Frequently Asked Questions

General Questions

What is Funannotate2?

Funannotate2 is a comprehensive eukaryotic genome annotation pipeline that provides a complete workflow for annotating fungal, plant, and other eukaryotic genomes. It integrates various tools and databases to produce high-quality gene predictions and functional annotations.

What types of genomes can Funannotate2 annotate?

Funannotate2 is designed primarily for fungal genomes, but it can also be used to annotate other eukaryotic genomes such as plants, insects, and other organisms. However, the default parameters and databases are optimized for fungal genomes.

What are the system requirements for Funannotate2?

Funannotate2 requires:

Linux or macOS operating system
Python 3.7 or later
At least 8 GB of RAM (16 GB or more recommended for larger genomes)
At least 50 GB of free disk space
Multiple CPU cores (8 or more recommended for faster processing)

Installation Questions

How do I install Funannotate2?

See the Installation page for detailed installation instructions.

Why can’t I install GeneMark-ES through conda?

GeneMark-ES is not available through conda due to licensing restrictions. You need to register and download it manually from the GeneMark website.

Usage Questions

What is the recommended workflow for annotating a genome?

The recommended workflow is:

Clean the genome assembly using funannotate2 clean
Train ab initio prediction tools using funannotate2 train
Predict genes using funannotate2 predict
Functionally annotate the predicted genes using funannotate2 annotate

See the Tutorial for a detailed example.

How can I improve gene prediction accuracy?

To improve gene prediction accuracy:

Use high-quality protein evidence from closely related species
Use transcript evidence from RNA-seq data
Use a species-specific Augustus model
Use the appropriate GeneMark mode (ES for self-training, ET for transcript-guided)
Use a BUSCO database appropriate for your organism

What databases does Funannotate2 use for functional annotation?

Funannotate2 uses the following databases for functional annotation:

Pfam: Protein domain annotations
dbCAN: Carbohydrate-active enzyme annotations
MEROPS: Peptidase annotations
SwissProt: Protein annotations
BUSCO: Benchmarking Universal Single-Copy Orthologs

How can I add custom functional annotations?

You can add custom functional annotations by:

Creating a custom database in the appropriate format (FASTA, HMM, etc.)
Using the appropriate search tool (BLAST, HMMER, etc.) to search your proteins against the custom database
Parsing the search results and adding the annotations to the gene models
Using the Funannotate2 API to integrate the custom annotations into the annotation pipeline

Troubleshooting

Why does GeneMark-ES fail on my genome?

GeneMark-ES may fail for several reasons:

The genome assembly is too fragmented (try filtering out short contigs)
The genome assembly contains too many Ns (try cleaning the genome)
The genome is not from a eukaryotic organism (GeneMark-ES is designed for eukaryotes)
GeneMark-ES is not installed correctly (check the installation)

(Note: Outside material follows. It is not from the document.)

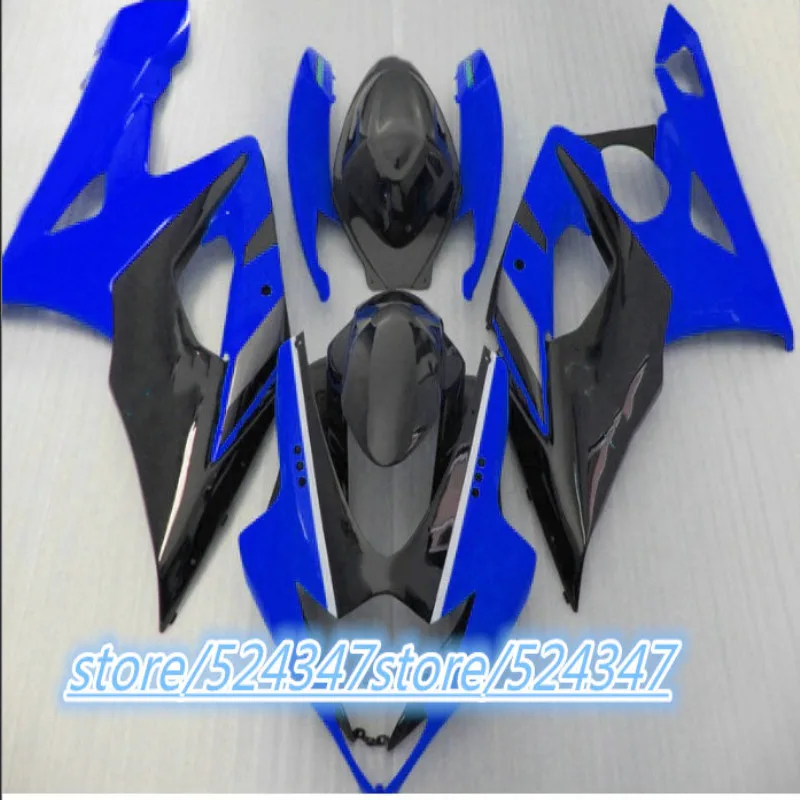 

Injection New ABS Fairings covers& bodyworks Kit Fit For SUZUKI GSXR1000 2005-2006 GSXR1000 05 06 K5 fairings black blue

Why does Augustus fail on my genome?

Augustus may fail for several reasons:

The species model does not exist (try using a different species model)
The species model is not appropriate for your organism (try using a more closely related species)
Augustus is not installed correctly (check the installation)
The genome assembly is too fragmented (try filtering out short contigs)

Why are some of my gene models incomplete?

Gene models may be incomplete for several reasons:

The genome assembly is fragmented, and genes span contig boundaries
The gene prediction tools failed to identify the complete gene structure
The gene is genuinely partial (e.g., pseudogene)

Try using protein and transcript evidence to improve gene model completeness.

How can I report a bug or request a feature?

You can report bugs or request features by opening an issue on the GitHub repository.